It is known to provide an arrangement in which video or television images of a sporting event are embellished by displaying computer generated images within the video images so that for example, these are superimposed on a field of play. For example, advertisements or club emblems of teams which are playing each other in a football match, for example, can be superimposed on an image of the football pitch which is captured by a camera, so that it appears that the players are playing on top of the images of the emblems which are superimposed on the football pitch. In order to achieve an effect wherein a computer generated image is superimposed on an image of a particular sports field, it is known to calibrate an image produced by the camera with respect to a model representing that image.
The term model as used herein will be used to designate a simulated representation of an object, which has a planar surface, such as a field of play from which images of that field of play are to be captured using a camera.
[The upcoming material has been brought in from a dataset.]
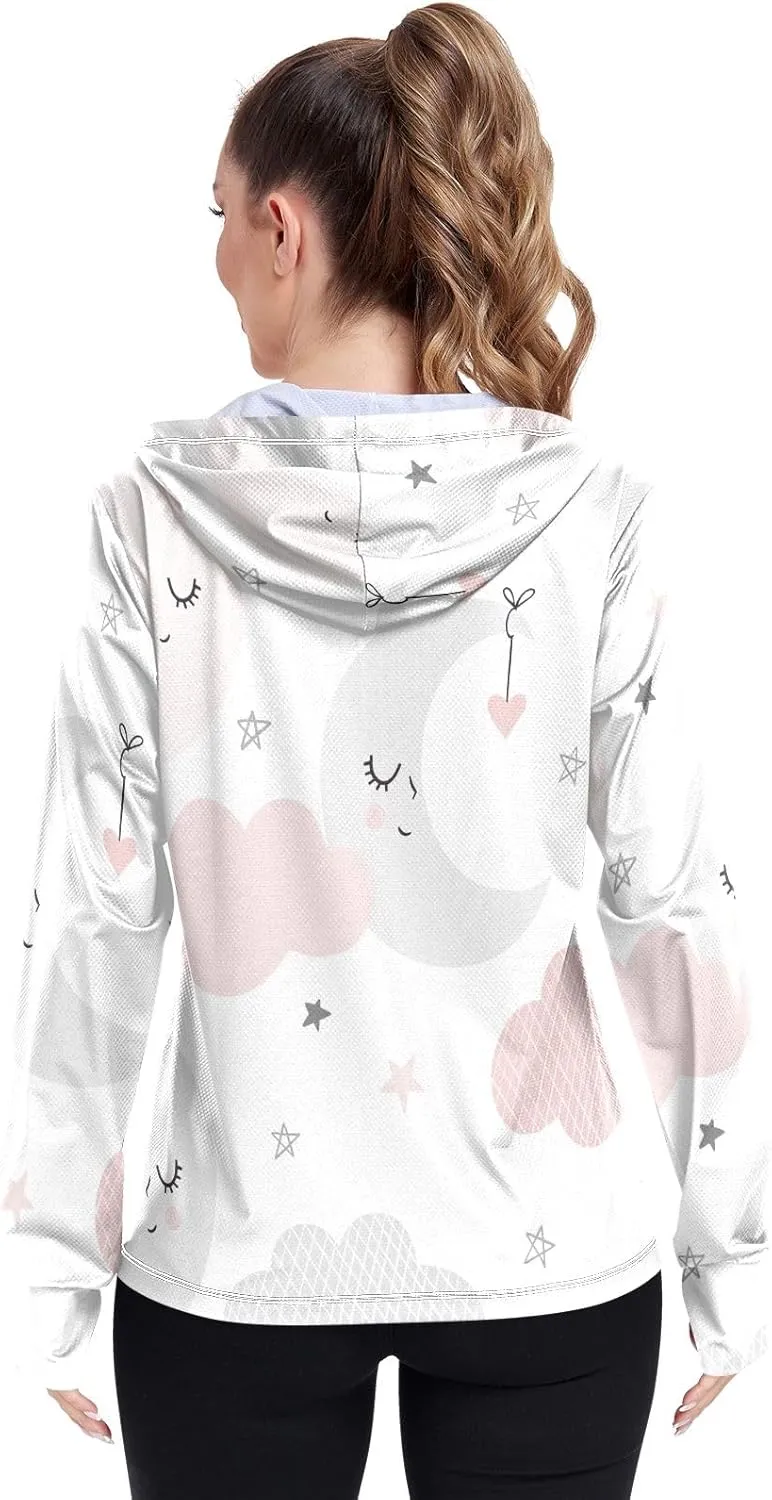 GAIGEO Watermelon Orange Pineapple Love Women Jacket Breathable Upf Clothing Women UPF 50 , with Zip Pockets, S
As disclosed in an article entitled “Flexible Calibration by Viewing a Plane from Unknown Orientations” by Zhengyou Zhang published in 1999 in ICCV, volume1, page 666, there is disclosed a method of self-calibration in which, a camera is moved in a static scene, and a rigidity of the scene provides two constraints on the camera's internal parameters from one camera displacement by using image information alone. The self-calibration is in contrast to photo-grammetric calibration in which a calibration object whose geometry in 3-D space is known with very good precision. The article discloses an arrangement for translating points within a model and points within the image so that points within the model can be mapped to the image and vice versa. However, the disclosed technique requires that a pattern be attached to planar surface of the image, which is captured before an estimation of five intrinsic parameters can be generated in order to translate between the model and the image.
Improvements in or relating to a process in which features or effects within a model can be represented within an image in a plane of a field of view such as a sporting field of play represent a technical problem particularly, for example when the translation is performed in real time.